Someone asked me how my blog and newspaper column came to be titled "Bleachers Brew". It's like this, it's an amalgam of sorts of two things: The bleachers area in the stadium/arena where I used to sit when I would watch baseball, football, and basketball games and Miles Davis' great jazz album Bitches Brew. That's how it got culled together. I originally planned on calling it "The View from the Big Chair" that is a nod to Tears For Fear's second album, Songs from the Big Chair. So there.

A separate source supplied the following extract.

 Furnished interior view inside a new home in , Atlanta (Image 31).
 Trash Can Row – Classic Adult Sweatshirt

Monday, September 24, 2007

Live and Let Die - UAAP Game 16 Ateneo 69 vs UST 64

Live and Let Die - UAAP Game 16 Ateneo 69 vs UST 64
by Rick Olivares
(Thanks to Nono Felipe for the pictures)

September 23, 2007
Araneta Coliseum

1:00pm UST Locker Room

University of Santo Tomas Coach Alfredo “Pido” Jarencio addressed his players before he sent them out for an early shoot-around. “Simple lang ‘to,” said the man who during his professional ball days was known as the Fireman of the fabled never-say-die Ginebra San Miguel team. “Gusto niyo na magbakasyon o gusto niyo pa maglaro? Ewan ko sa inyo pero gusto ko pa maglaro.” The defending champs let out a resounding whoop to move on.

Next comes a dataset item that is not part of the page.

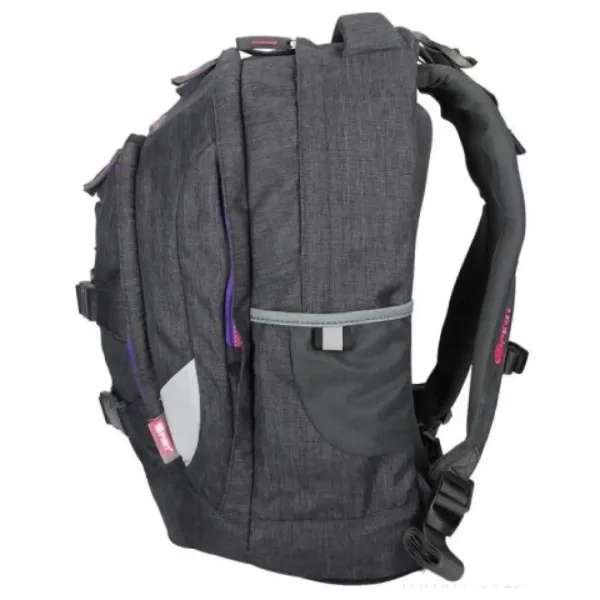 Spirit: Urban schwarz-lila ergonomischer Schulrucksack Bild 3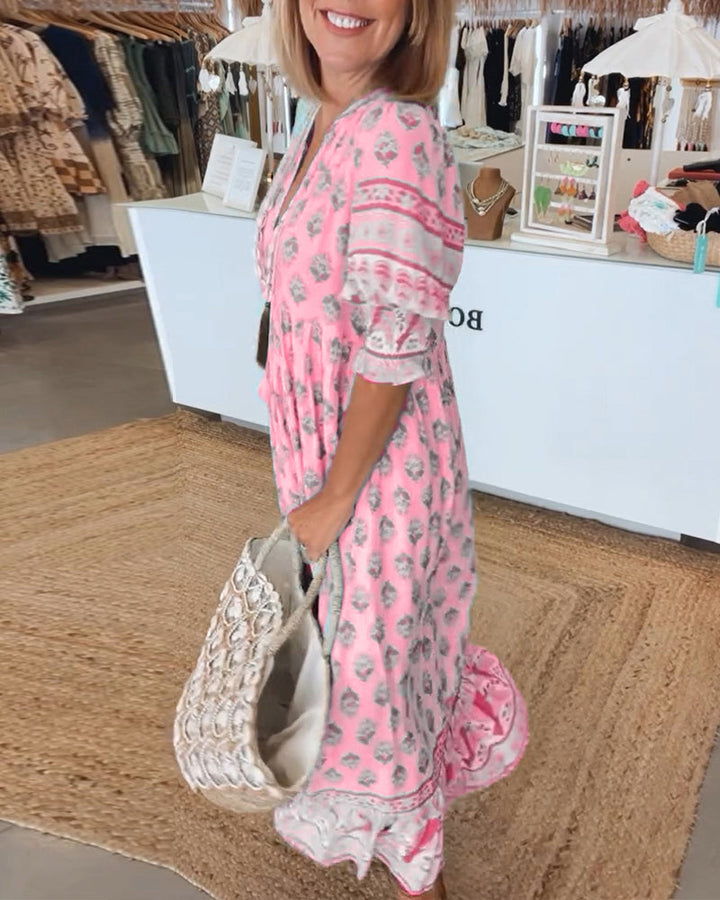Rose - Women Boho Chic Printed Summer Dress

1:30pm outside the Ateneo Locker Room
“The NU game rudely reminded us that when opportunity knocks you better grab hold of it,” said Ateneo Coach Norman Black before the game. “No doubt it was doubly disappointing because we didn’t get the job done also against La Salle. Now it’s a long hard road, but I figure we have a lot of fight left in us. We’d like nothing more than another crack at moving on.”

1:45pm Patron section Ateneo side

Macky Chan looked resplendent in blue. He’s never missed a game of the Ateneo Blue Eagles even if he only gets to watch on television. You see, the 27-year old has cerebral palsy, but on this day, nothing was going to keep him from watching his first live Ateneo game and cheer for the blue and white. “One more,” he said echoing Black’s and every Atenean’s sentiments. “One more.”

2:00pm courtside
More than three years ago Zion Laterre and Mike Baldos spearheaded Ateneo Team B’s drive for the Fr. Martin II championship. After pacing the league during the eliminations, the team fell to Arellano University in the semifinals. Laterre moved up to Team A the following season while the closest Baldos got to a call up was in Larry Fonacier’s final game in a Blue Eagle uniform in the Collegiate Champions League. It was a short stint for the team was shown the door by UP.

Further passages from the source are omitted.